Problem to work on: Would you transcribe the entries below, beginning at the line with "Трансформатор розжига Elco, 65300470" and ending after the line with "Casa Reposeída - Listado 100625788", exactly, with no picture and nothing more?

Excerpted records:
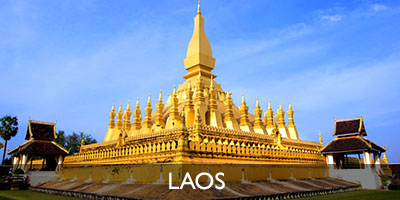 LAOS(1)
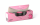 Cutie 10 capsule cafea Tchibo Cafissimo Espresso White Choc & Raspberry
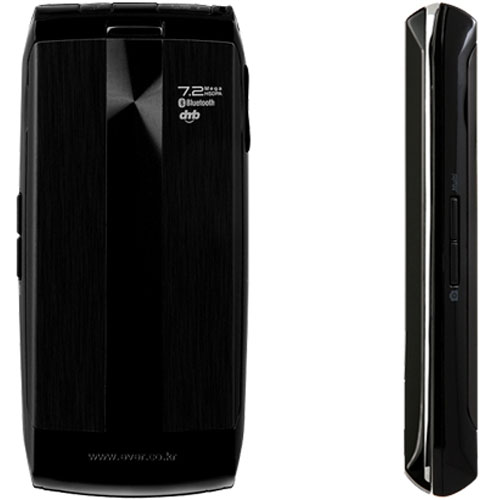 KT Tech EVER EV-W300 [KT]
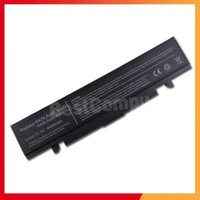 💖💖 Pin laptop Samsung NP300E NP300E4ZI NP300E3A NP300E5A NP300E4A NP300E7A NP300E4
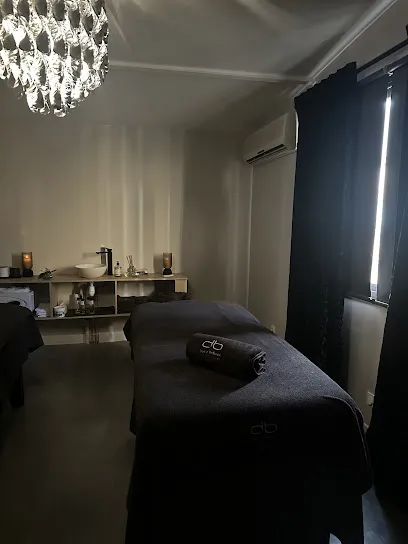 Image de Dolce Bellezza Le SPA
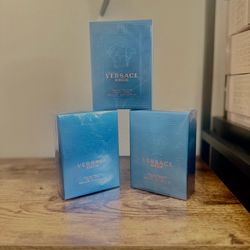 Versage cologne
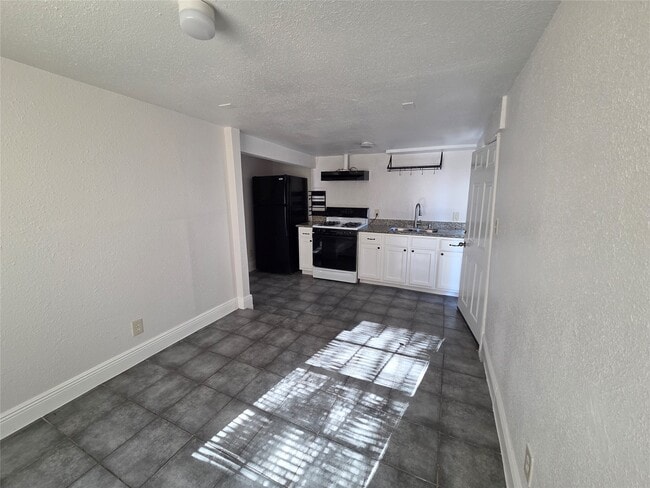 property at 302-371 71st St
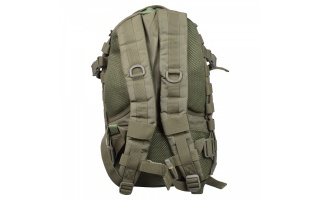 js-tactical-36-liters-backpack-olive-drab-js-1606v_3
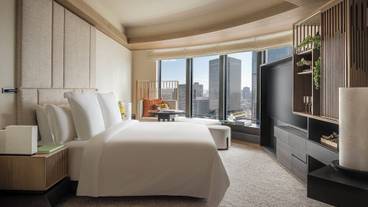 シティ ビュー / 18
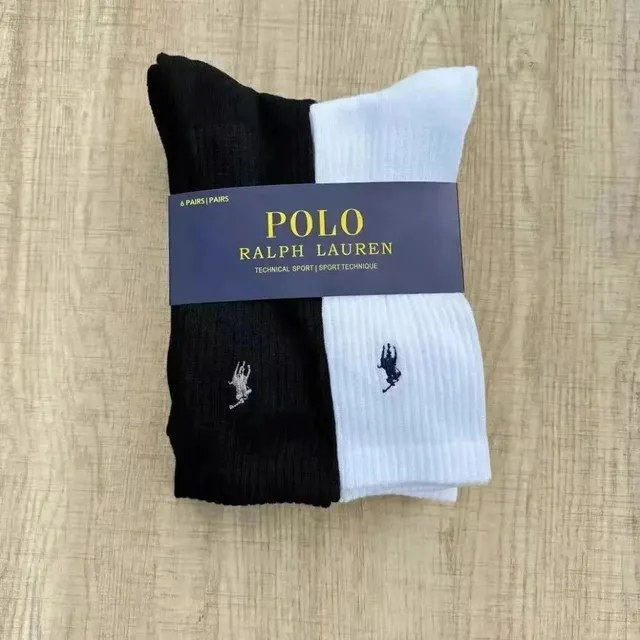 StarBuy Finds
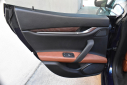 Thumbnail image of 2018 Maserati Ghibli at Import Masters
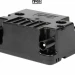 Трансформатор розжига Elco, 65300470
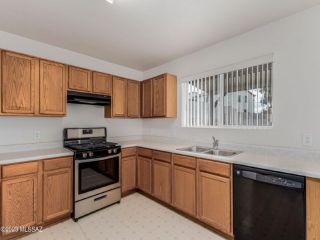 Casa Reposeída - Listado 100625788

--

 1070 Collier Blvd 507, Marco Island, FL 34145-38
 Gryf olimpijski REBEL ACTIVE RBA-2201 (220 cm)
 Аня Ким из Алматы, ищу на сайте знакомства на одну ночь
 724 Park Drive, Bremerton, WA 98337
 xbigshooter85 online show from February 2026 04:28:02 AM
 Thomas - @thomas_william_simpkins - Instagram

Answer for the task:
 Трансформатор розжига Elco, 65300470
 Casa Reposeída - Listado 100625788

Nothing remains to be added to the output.